_ASSIGNMENT_
Please retype the records below exactly as they appear, but leave out the pictures.

<<<<

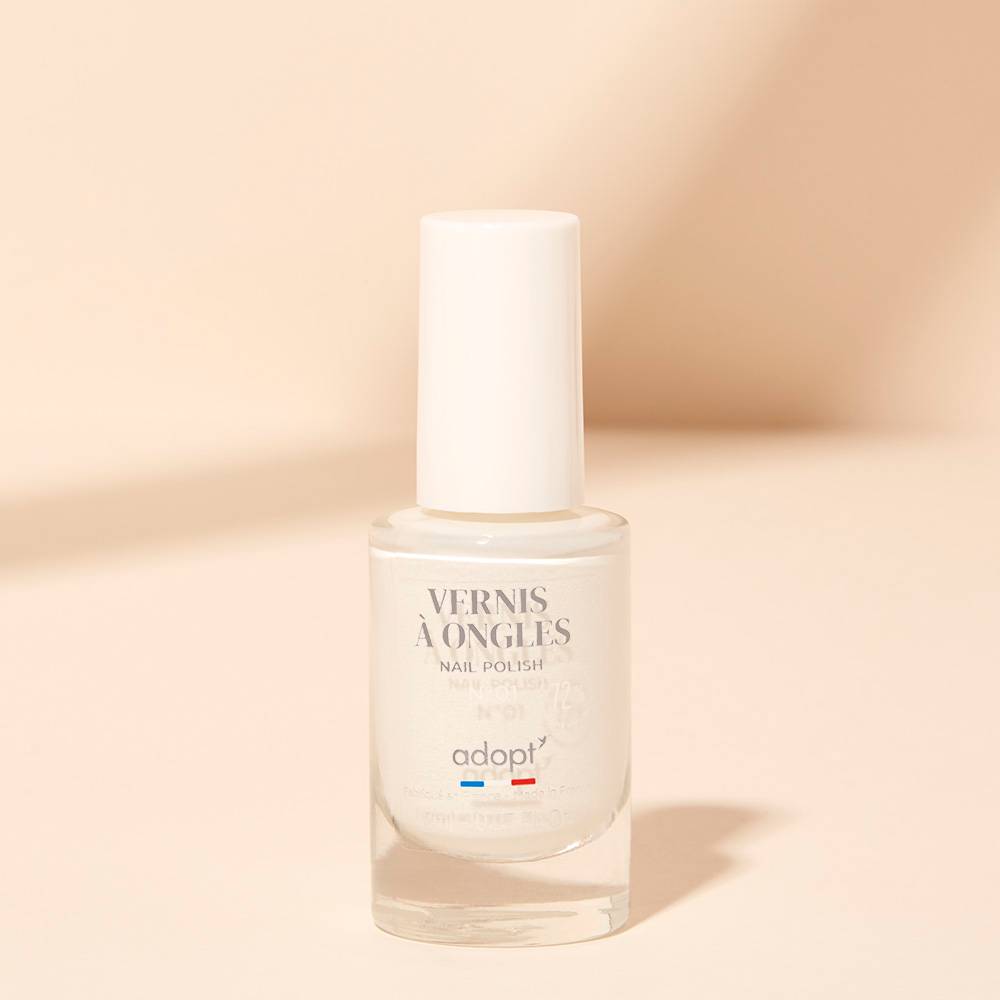 Natural nail colour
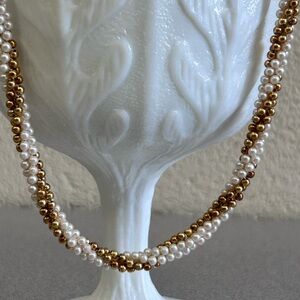 Vintage faux pearl twist necklace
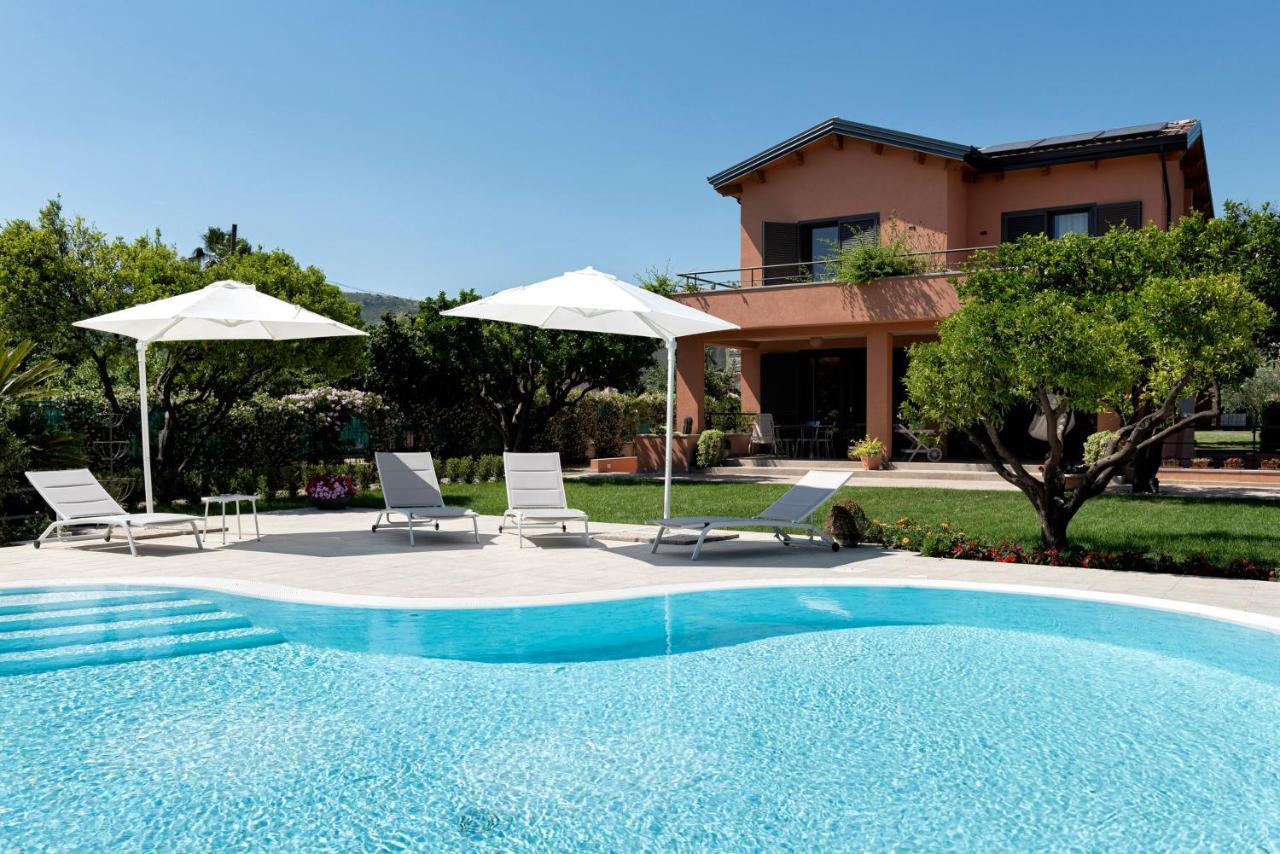 Bed and Breakfast Le Monachelle Luxury Эболи Экстерьер фото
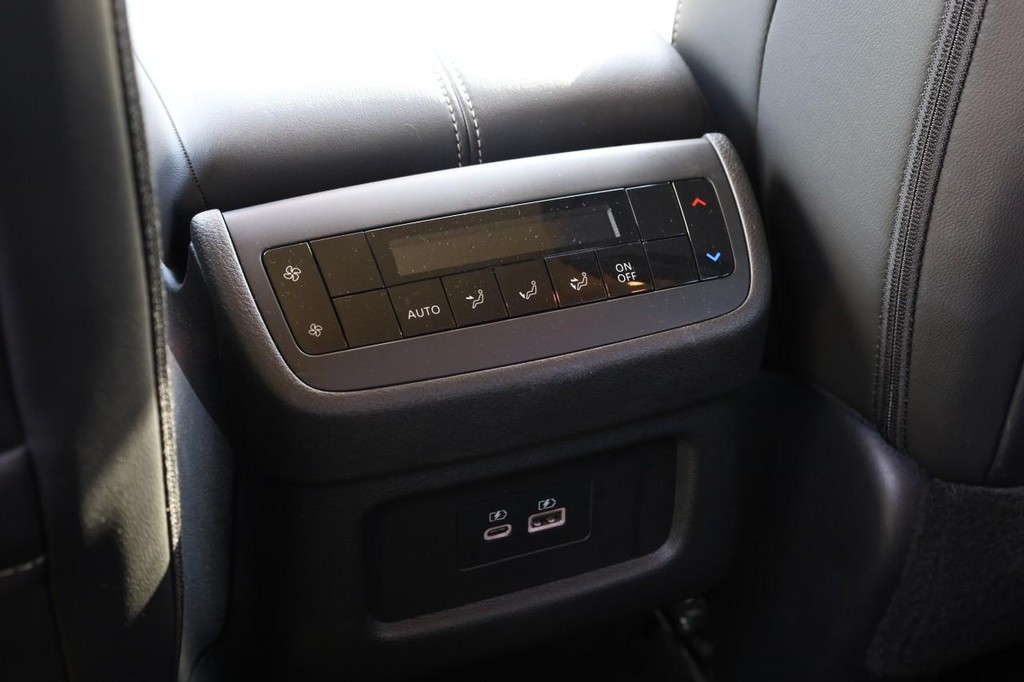Nissan Pathfinder Vehicle Image 25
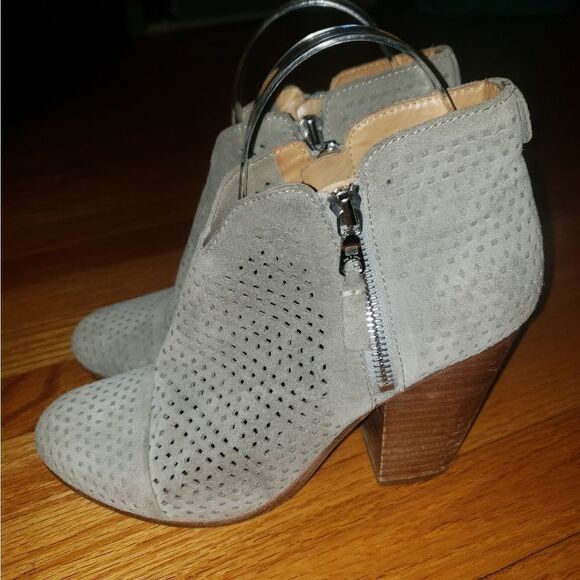 Rag & Bone gray leather booties - Picture 3 of 9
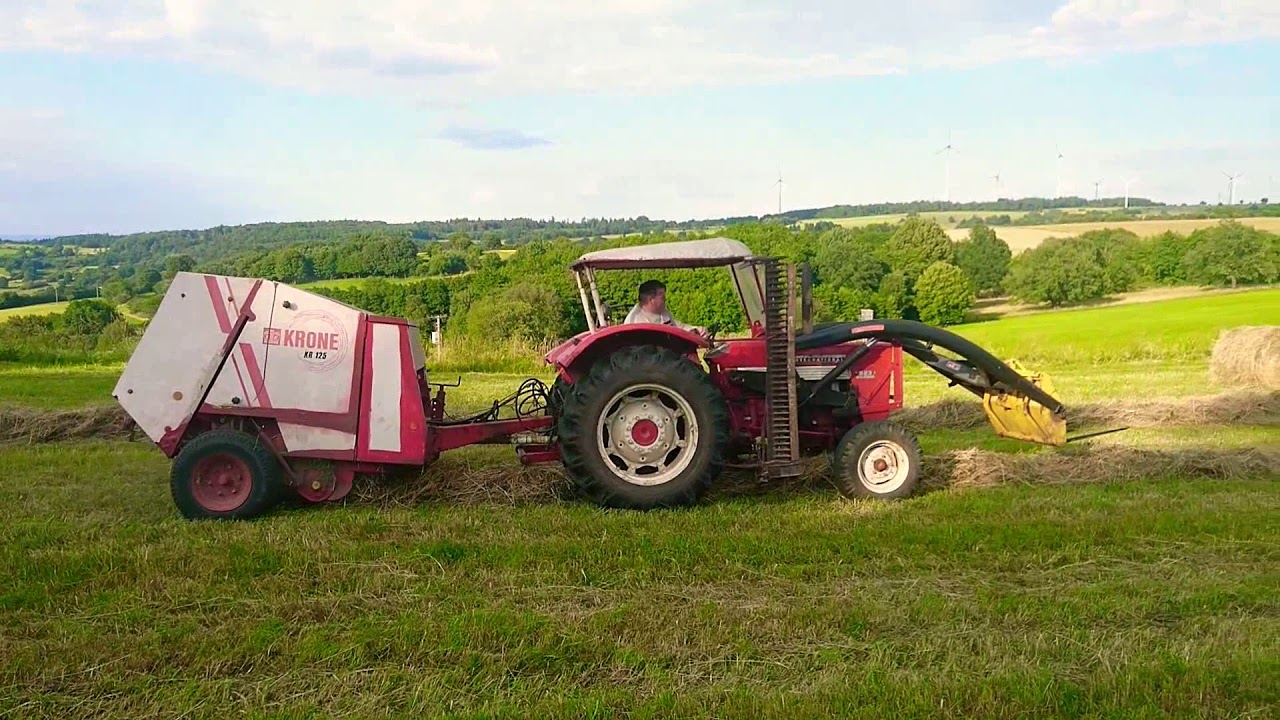 Ihc 523 mit Krone kr 125 beim Heu pressen
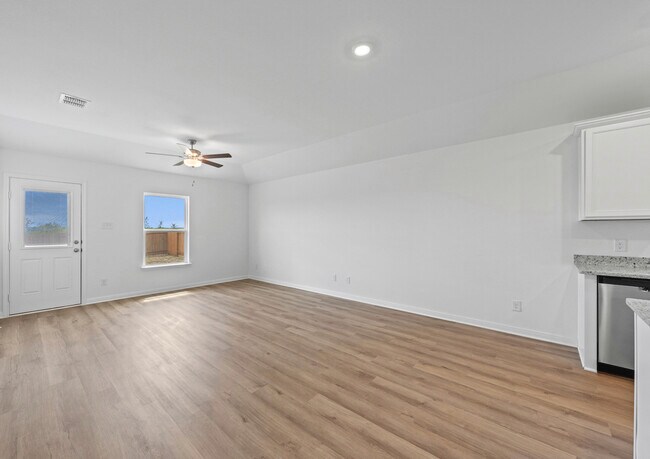 6007 Luckey Run unit 36464435, San Antonio, TX 78252 - photo 3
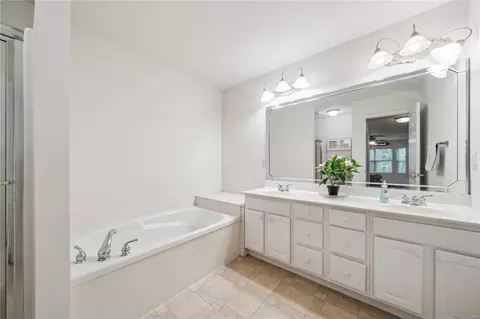 Bath - 415 Dames Park Dr, O'fallon, MO 63366 photo 1 of 3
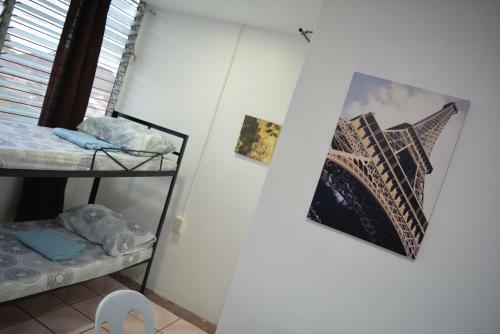 Hostal Barakada Budget Room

>>>>

_REPLY_
 Natural nail colour
 Vintage faux pearl twist necklace
 Bed and Breakfast Le Monachelle Luxury Эболи Экстерьер фото
Nissan Pathfinder Vehicle Image 25
 Rag & Bone gray leather booties - Picture 3 of 9
 Ihc 523 mit Krone kr 125 beim Heu pressen
 6007 Luckey Run unit 36464435, San Antonio, TX 78252 - photo 3
 Bath - 415 Dames Park Dr, O'fallon, MO 63366 photo 1 of 3
 Hostal Barakada Budget Room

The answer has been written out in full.